Desde mi perspectiva de izquierda, esta concentración de poder es sumamente peligrosa. Cuando las masas entregan ciegamente el control a un líder sin contrapesos, pierden el poder de exigir responsabilidad. La historia enseña que los líderes autoritarios prometen devolver la dignidad y la grandeza a costa de los derechos democráticos, utilizando la retórica populista para enmascarar medidas que favorecen a los ricos y perpetúan la desigualdad. Trump, por ejemplo, ha prometido revivir la industria, pero su historial muestra una agenda que beneficia a las corporaciones y desmantela regulaciones que protegen a los trabajadores y el medio ambiente.
El control absoluto de Trump sobre la maquinaria política estadounidense convierte a Estados Unidos en una nación vulnerable a la falta de cuestionamientos y a la opresión de la oposición. Los movimientos progresistas y sindicales, quienes históricamente han luchado por los derechos sociales y económicos de la población, se ven hoy marginados y atacados en nombre de una unidad ficticia.

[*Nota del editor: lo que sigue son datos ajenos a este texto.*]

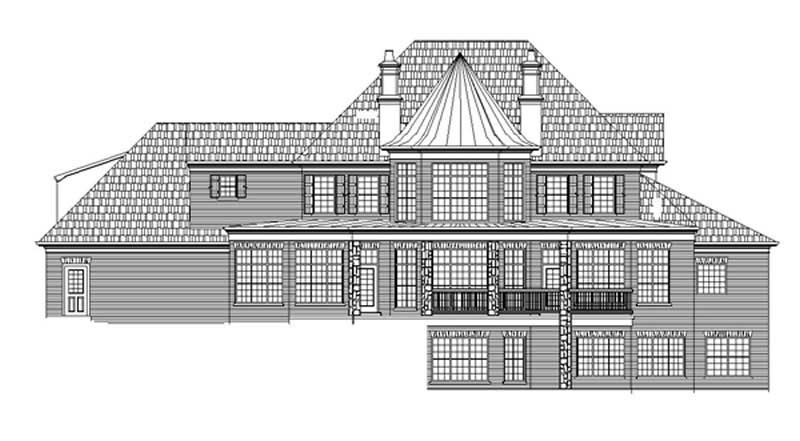 Home Plan Rear Elevation of this 4-Bedroom,4811 Sq Ft Plan -106-1053
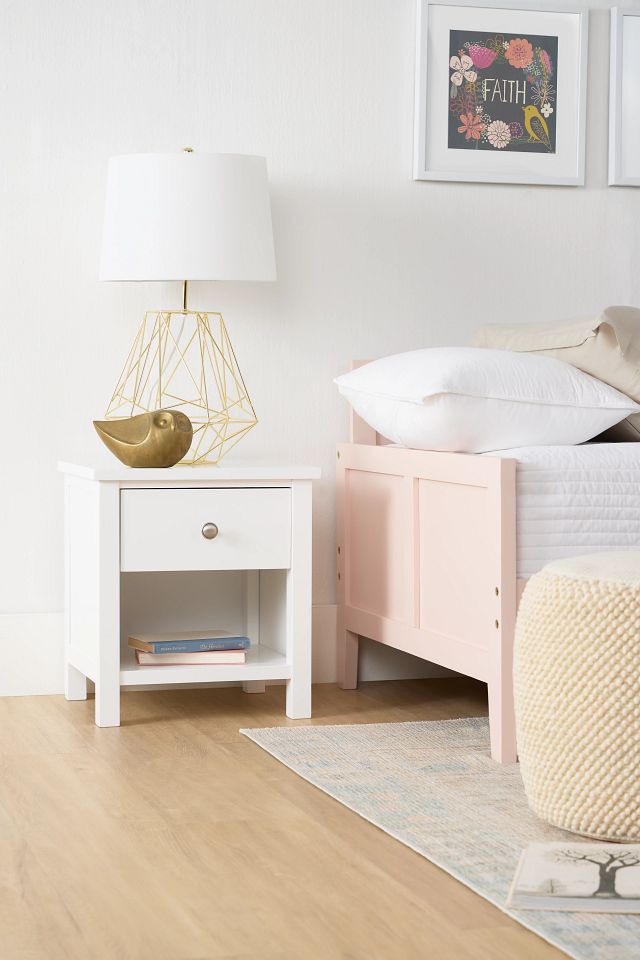 Charleston White 1-drawer Nightstand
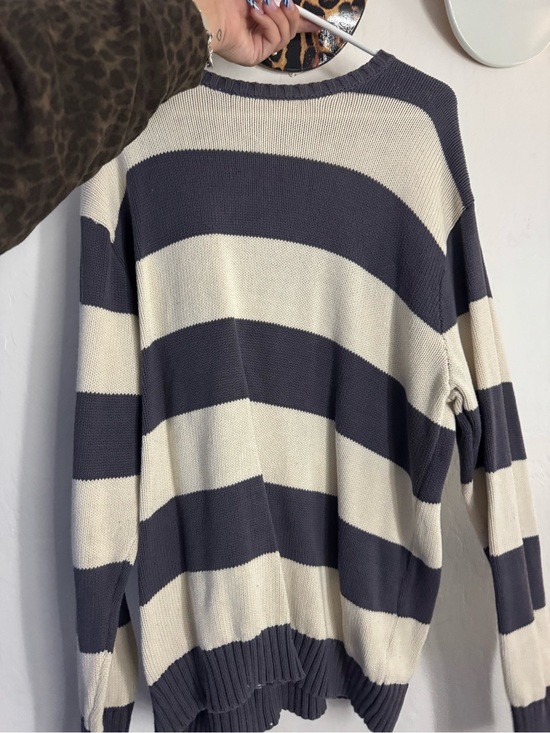 Brandy Melville Tops - Brandy Melville Navy and Cream Striped Crewneck Sweater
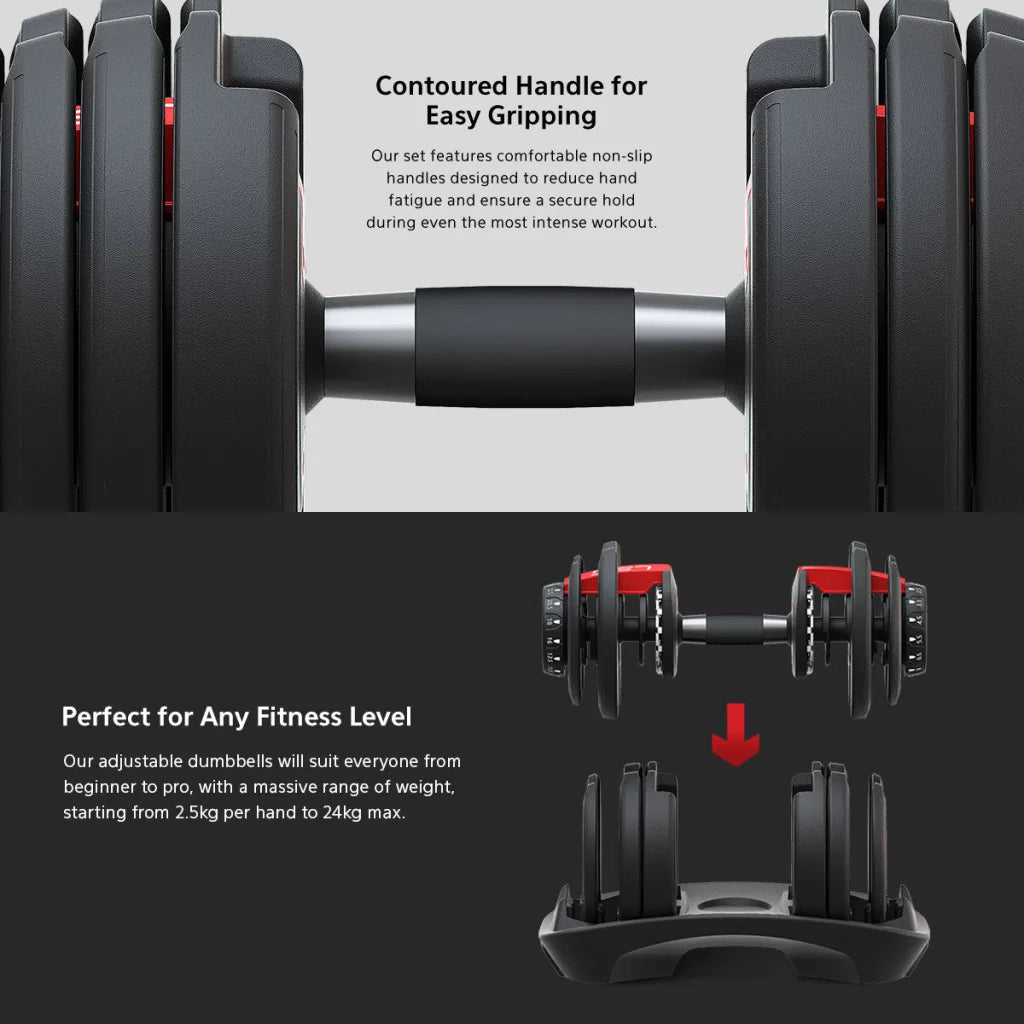 LSG Adjustable Dumbbells Set Pair (2.5kg-24kg) - Sports &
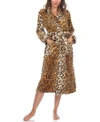 White Mark Women's Long Cozy Loungewear Belted Robe In Brown Leopard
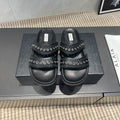 ALAIA DOUBLE-STRAP SANDALS 25S IN BLACK CALFSKIN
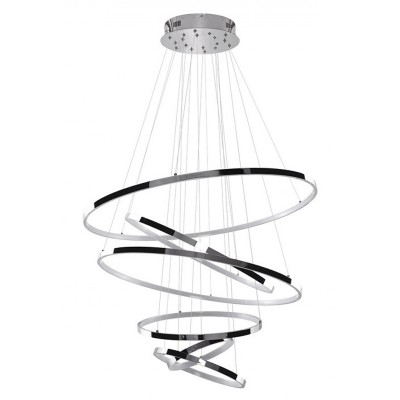 HASTAM 140W DIMM Závěsné svítidlo, těleso kov, povrch chrom, difuzor plast opál, LED 140W, 8400lm, teplá 3000K, stmív vypínačem, 230V, IP20, rozměry d=850mm, vč závěs lanka l=3100mm, lze zkrátit.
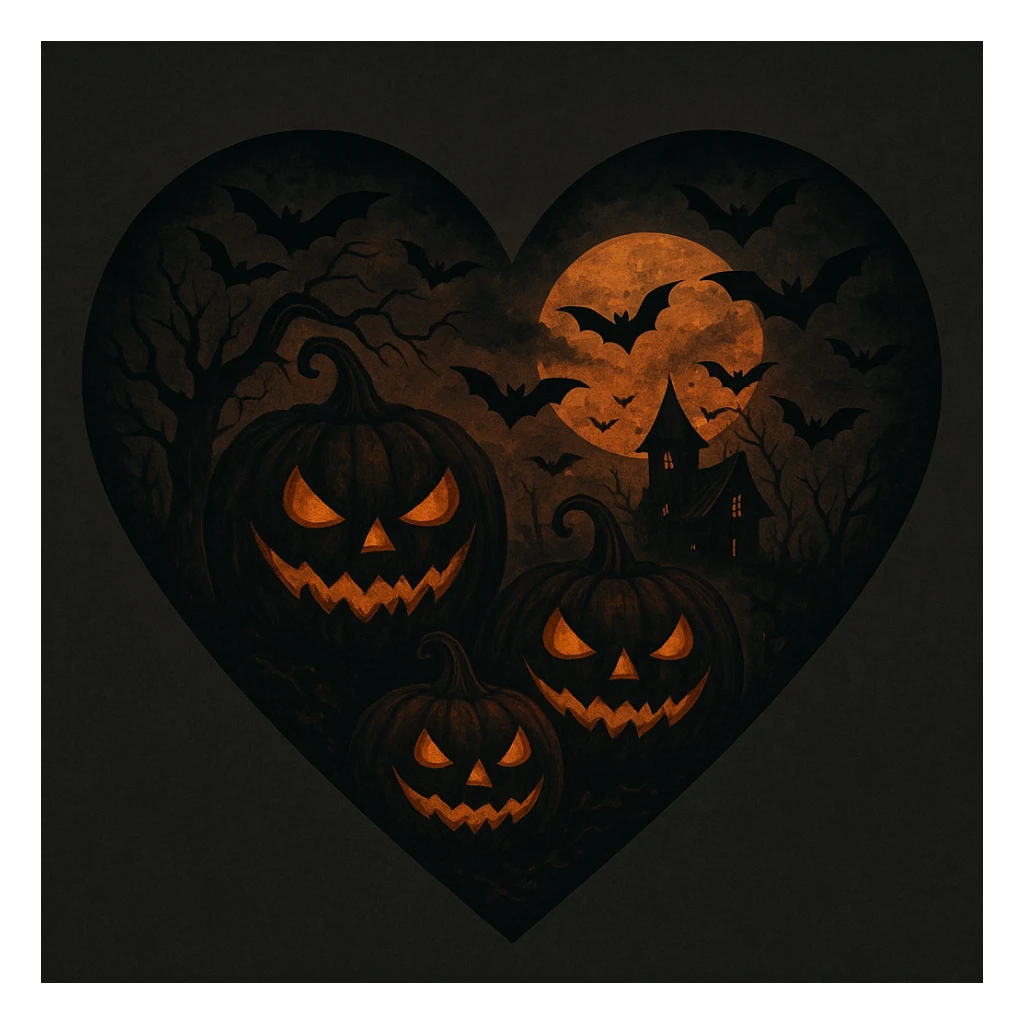 heart with Halloween theme, spooky, pumpkins, bats, dark colors sticker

En conclusión, cuando la desesperación lleva a las masas a entregar todo el poder, pierden la capacidad de exigir justicia y se convierten en espectadores de su propio desmantelamiento. Para revertir esta tendencia, es crucial reconstruir una política que escuche y atienda las necesidades reales de la gente, que no prometa salvadores, sino una democracia auténtica donde el poder regrese al pueblo trabajador y no a las élites. La verdadera “grandeza” no se construye con autoritarismo, sino con justicia y equidad.